Solar power is increasingly used as a source of renewable, sustainable energy and a tool in the fight against climate change. However, the high variability of solar power output poses challenges to further implementation into the grid, thus necessitating accurate forecasting of power production. This paper proposes three machine-learning models to forecast the power output of a solar farm using features including temperature, solar radiation, and humidity. Two models forecast future power output at 15-minute and 30-minute prediction horizons, respectively, using the past 24 hours of data, making them useful in currently operating solar farms. Additionally, one model predicts power output in real-time using currently observed features, making it useful for forecasting with a weather forecast available or for hypothetical situations, such as when planning a solar farm. All of the models utilized convolutional neural network (CNN) approaches due to their strength in capturing dependencies in time-series data and time efficiency. Overall, the models had promising performance metrics. The real-time model, 15-minute forecasting model, and 30-minute forecasting model had r2 scores of 0.971, 0.930, and 0.945, respectively, and had low mean average errors with respect to the average power output. Thus, the models demonstrate the significant promise of CNNs in solar power forecasting.

Introduction

Solar energy has become an effective supplement to traditional energy sources. The increasing use of solar energy significantly reduces greenhouse gas emissions and serves as a sustainable means of generating power. By providing 1.7% of the world’s energy, solar power has already become an important renewable energy resource to fulfill the energy needs of society1. The increased reliance on solar energy makes accurate predictions of solar power generation more important than ever. Solar power generation, however, is variable due to factors like weather conditions and time of day. The grid is not designed for such varying power inputs, as more reserves will be needed to compensate for fluctuations. Thus, accurate short-term prediction of solar power output allows grid operators to better anticipate fluctuations in solar power generation, thereby improving grid stability and ensuring the overall dependability of the system. Accurate prediction thus helps integrate solar energy into the electrical grid and optimize the dispatch of energy from different sources. It can also minimize operational costs and enhance revenue opportunities for renewable energy stakeholders. In fact, one study suggests that if solar penetration increased to 25%, utilizing state-of-the-art forecasting models would reduce net electricity generation costs by 22.9% compared to 12.3% without any forecasting; additionally, curtailment would drop from 34% to 11% with forecasting2, demonstrating the importance of solar power forecasting.
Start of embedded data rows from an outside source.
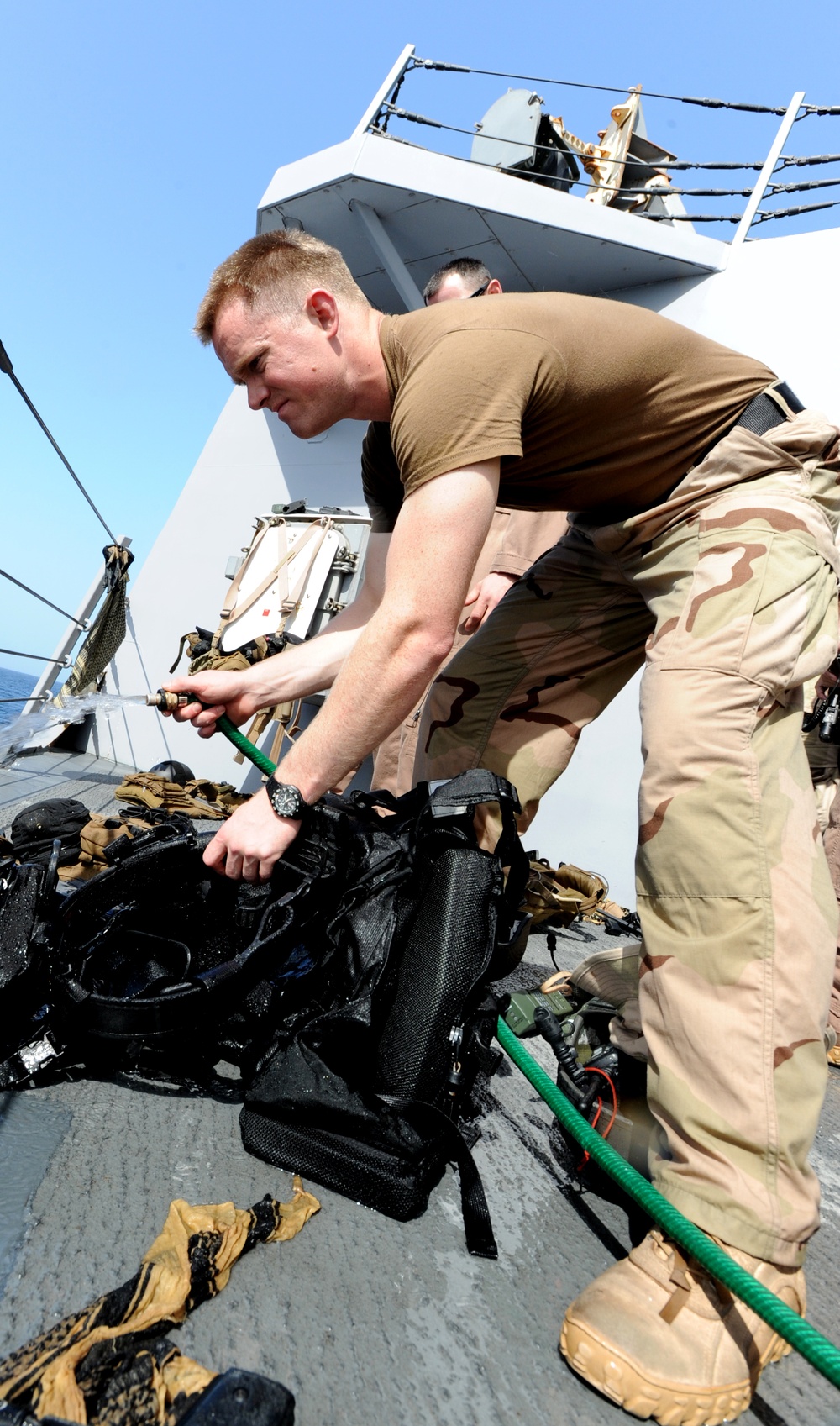 USS Halsey VBSS team boards two Yemeni dhows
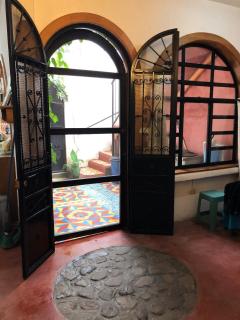 Blake's Casa de Arte - 8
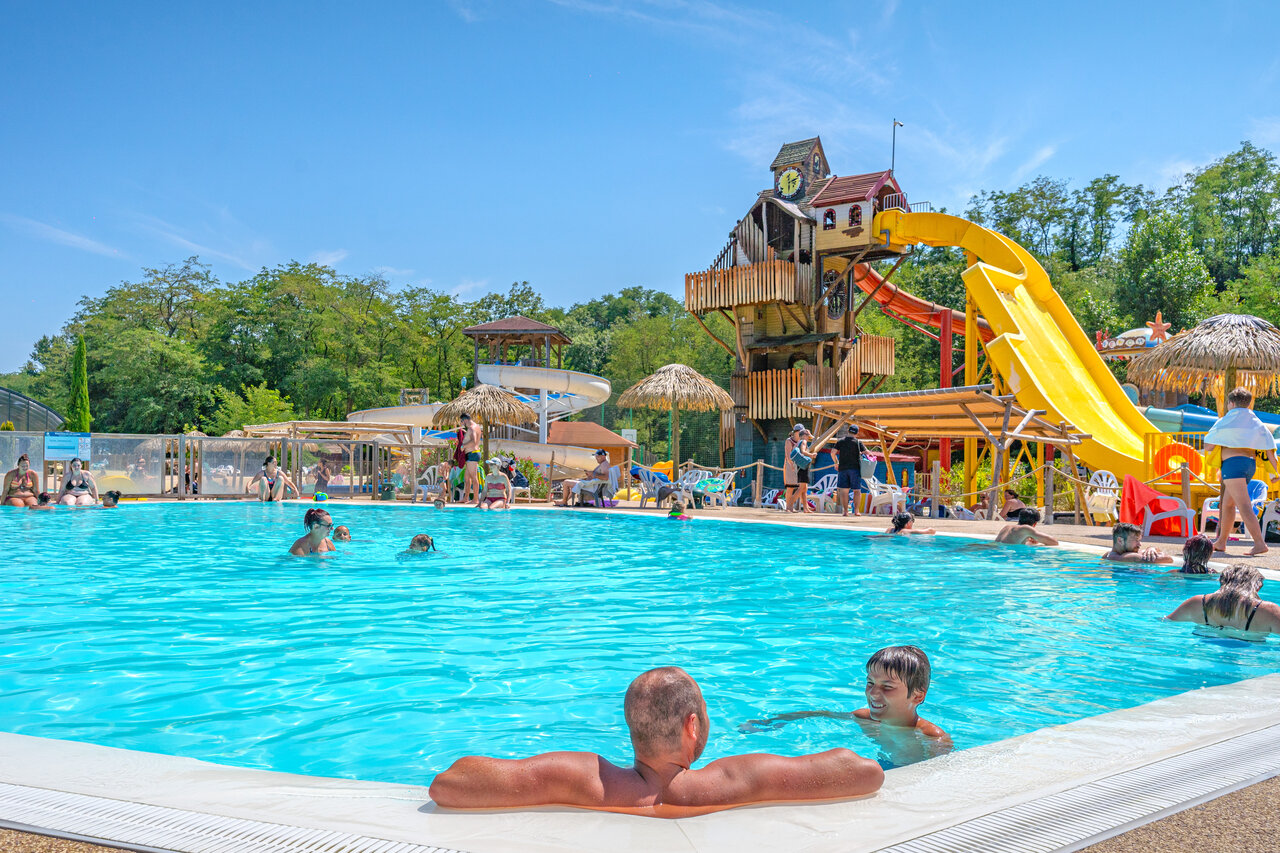 Au�enpool, Riesenrutsche und Wasserspiele auf CAPFUN Temps Libre BOUGE CHAMBALUD (38).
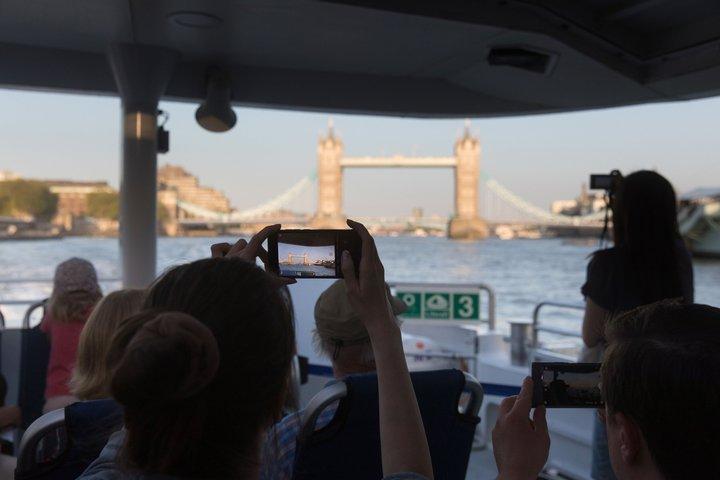 ロンドン：セント・ポール大聖堂と片道テムズ川ボートツアー
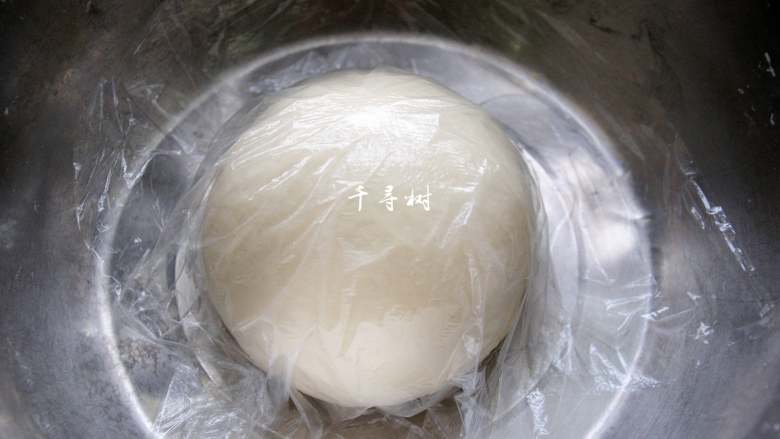 芝麻花生千层酱香饼 酱香浓郁层次分明,再加入冷水,揉成光滑的面团,盖上保鲜膜松弛一会儿。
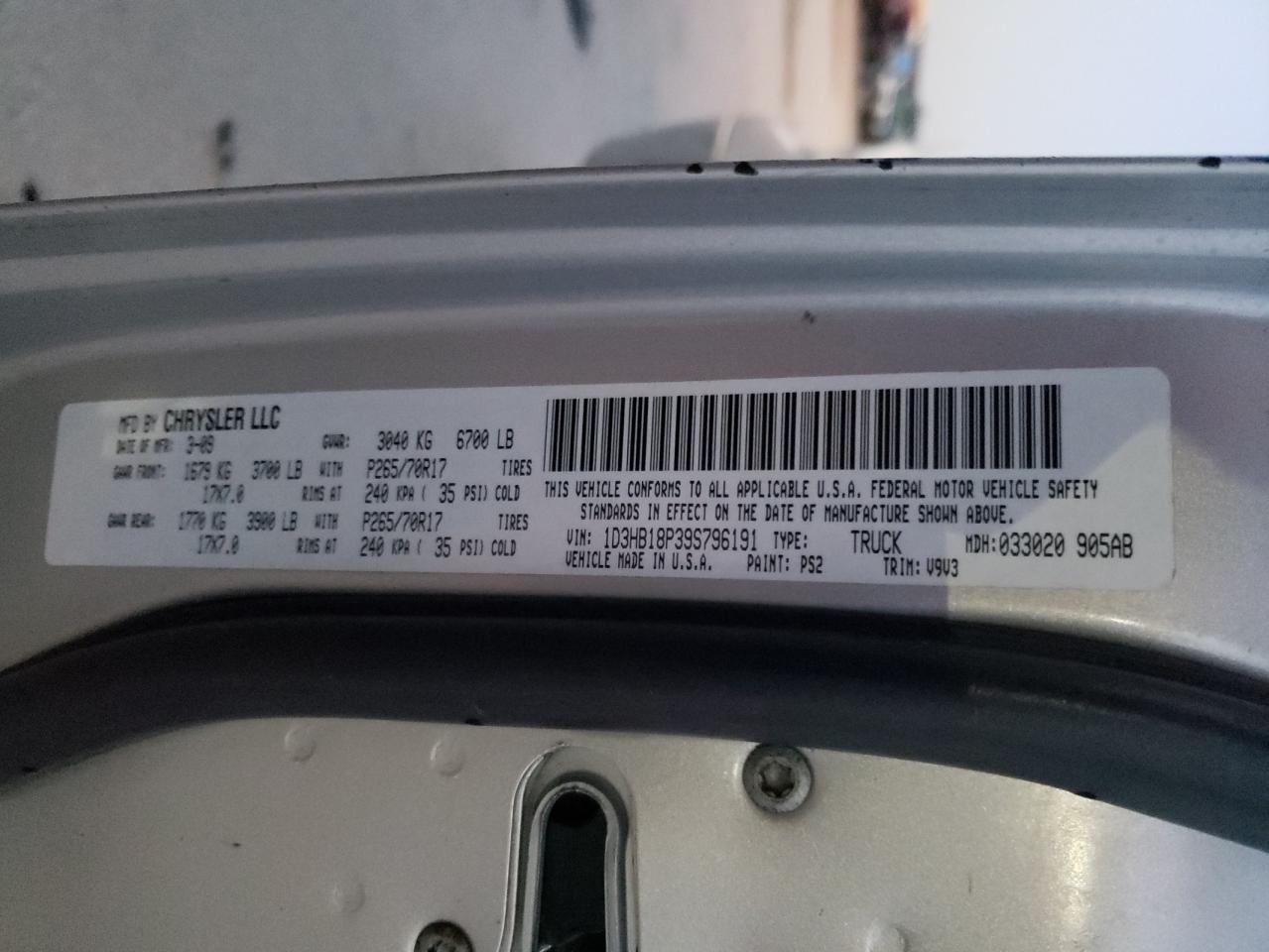 2009 Dodge RAM - Image 12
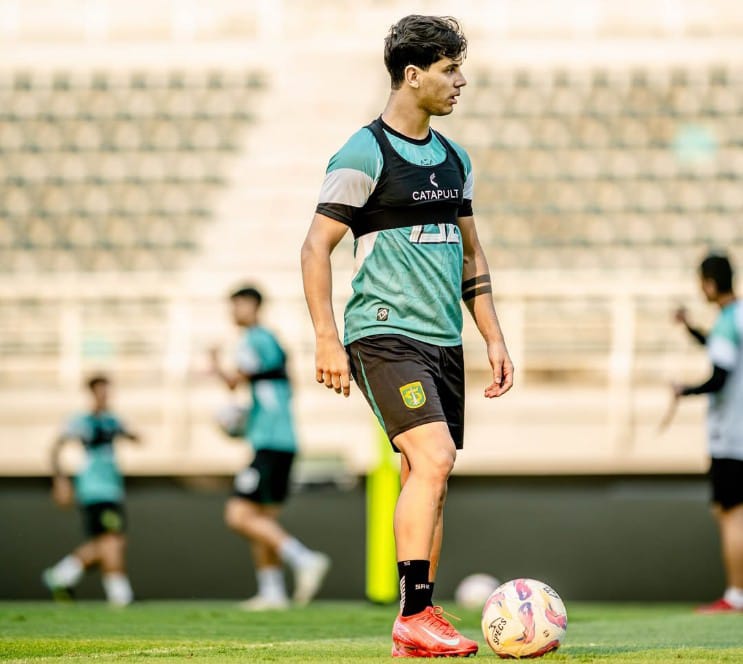 Susunan Pemain Persebaya vs PSS Sleman, Edu Pasang Trio Bruno-Gali-Malik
Solar photovoltaic (PV) cell technology has proliferated as a sustainable energy source. There have been at least four generations of solar cell technologies from the first generation of mono or polycrystalline silicon cells to the fourth generation of hybrid materials3. Numerous factors are known to affect solar power output from photovoltaic (PV) solar panels. The two most notable are temperature and solar radiation. For example, PV solar panels typically decrease by 0.5% in efficiency when the temperature increases by 1 degree Celsius4. In heatwave conditions, when the temperature increases from 30-50%, the solar panel efficiency drops by 3-9%5. The second important factor is solar radiation, or the electromagnetic radiation from the sun including both visible, ultraviolet, and infrared shine, as PV panels convert solar radiation into electrical energy at an efficiency rate of around 7-11%6. As a result, weather conditions such as cloud cover or dust, which block visible light, have large effects on power production. Ultraviolet radiation can generate solar power as well, but the amount is much smaller compared to visible sunshine7. Additionally, since solar absorb the most energy when sunlight is perpendicular and when irradiance is greater, and these two factors fluctuate with the seasons, seasonal changes can have large effects on solar power output as well; typically summer has the highest power production due to greater solar irradiance and more direct radiation, and this effect is less pronounced at lower latitudes and more pronounced at higher latitudes8. Thus, measuring these variables and understanding their impact on solar power production is important for accurate forecasting.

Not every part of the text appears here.